Now you've hit something else! Cirrus will only find results from cross namespace redirects if the target of the redirect is included in the search. This finds the category:
http://ru.wikinews.org/w/api.php?action=query&list=search&srlimit=5&srprop=&srredirects=1&format=json&srsearch=%D0%B1%D0%B8%D0%BE%D0%BB%D0%BE%D0%B3*&format=xml&srnamespace=0,14
While its possible for me to fix this its a pretty difficult change and hasn't caused _too_ many problems. If possible, can you get the tool to work around this?
gryllida wrote:
Cirrus will only find results from cross namespace redirects if the target of the redirect is included in the search.
Doesn't make sense to me:
If possible, can you get the tool to work around this?
This wikilinker gadget needs to produce [[биология|биологии]], [[биология|биологией]], [[биология|биология]] links reliably. [[Category:биология|биологии]] sort of links are against project policies. So I guess no, I can't work around this, unless I missed some pretty things, or unless I'm willing to do such an ugly thing as check for "Category:$1" pattern in the result and manually check whether $1 main namespace page exists. One would think that this has to be done server-side. (Lucene Search worked fine with it, btw.)

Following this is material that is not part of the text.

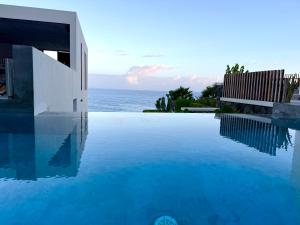 a swimming pool with a view of the ocean at Walhalla Seahouse in Chã da Igreja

Sorry for not updating this earlier. The answer is no. Redirects won't appear in Cirrus's results. Your welcome to continue using lsearchd until its turned off in a few months by adding &srbackend=LuceneSearch to the url parameters but Cirrus isn't going to show you the redirect page as a result. It'll always come back as [[Category:биология|биологии]] with Cirrus and at some point we'll shut down lsearchd and you won't be able to select it any more.

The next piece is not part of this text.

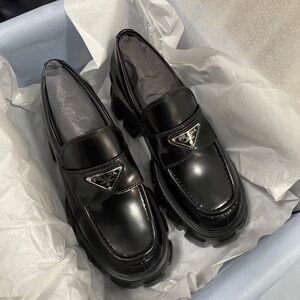 Prada Black Patent Leather Lug Sole Loafers with Triangle Plaque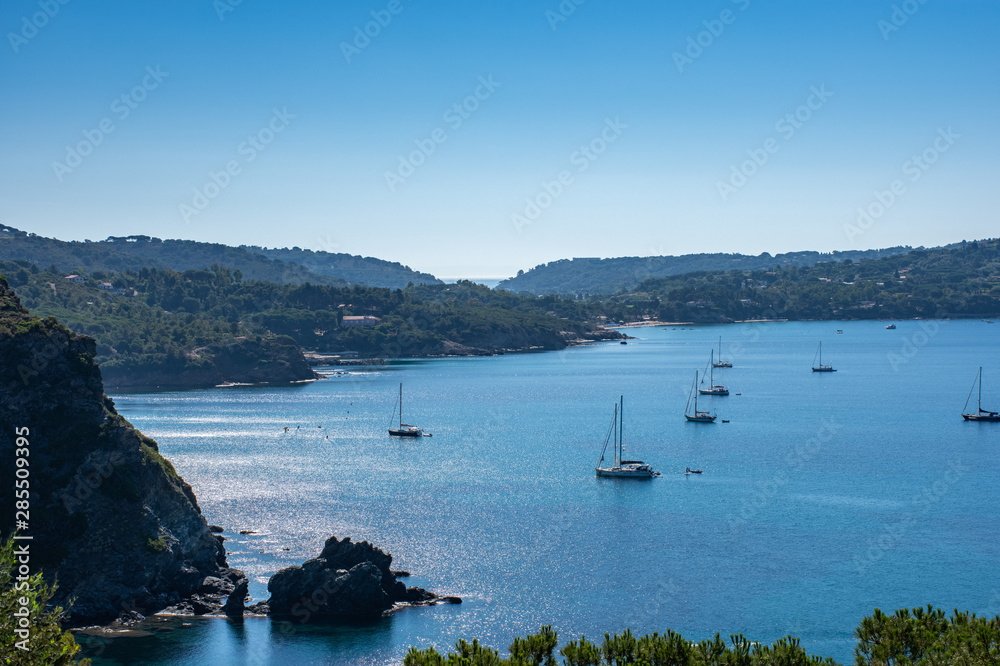 Splendid panoramic view of the crystal blue sea of the island of Elba in Italy with boats on the horizon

As to searches in the main namespace finding main namespace redirects to the category namespace - it probably should but its not going to happen soon.
Sorry this isn't what you wanted to hear.
gryllida wrote:
Can I open a new bug about redirects=yes param to Cirrus Search? Not having it as a default may be reasonable, of course, but as I said above, we workaround is ugly...
This wikilinker gadget needs to produce [[биология|биологии]],
[[биология|биологией]], [[биология|биология]] links reliably.
[[Category:биология|биологии]] sort of links are against project policies. So
I guess no, I can't work around this, unless I missed some pretty things, or
unless I'm willing to do such an ugly thing as check for "Category:$1"
pattern in the result and manually check whether $1 main namespace page
exists. One would think that this has to be done server-side.
Certainly! Its better to have a bug then not - even if all it does is reference the conversation in this bug.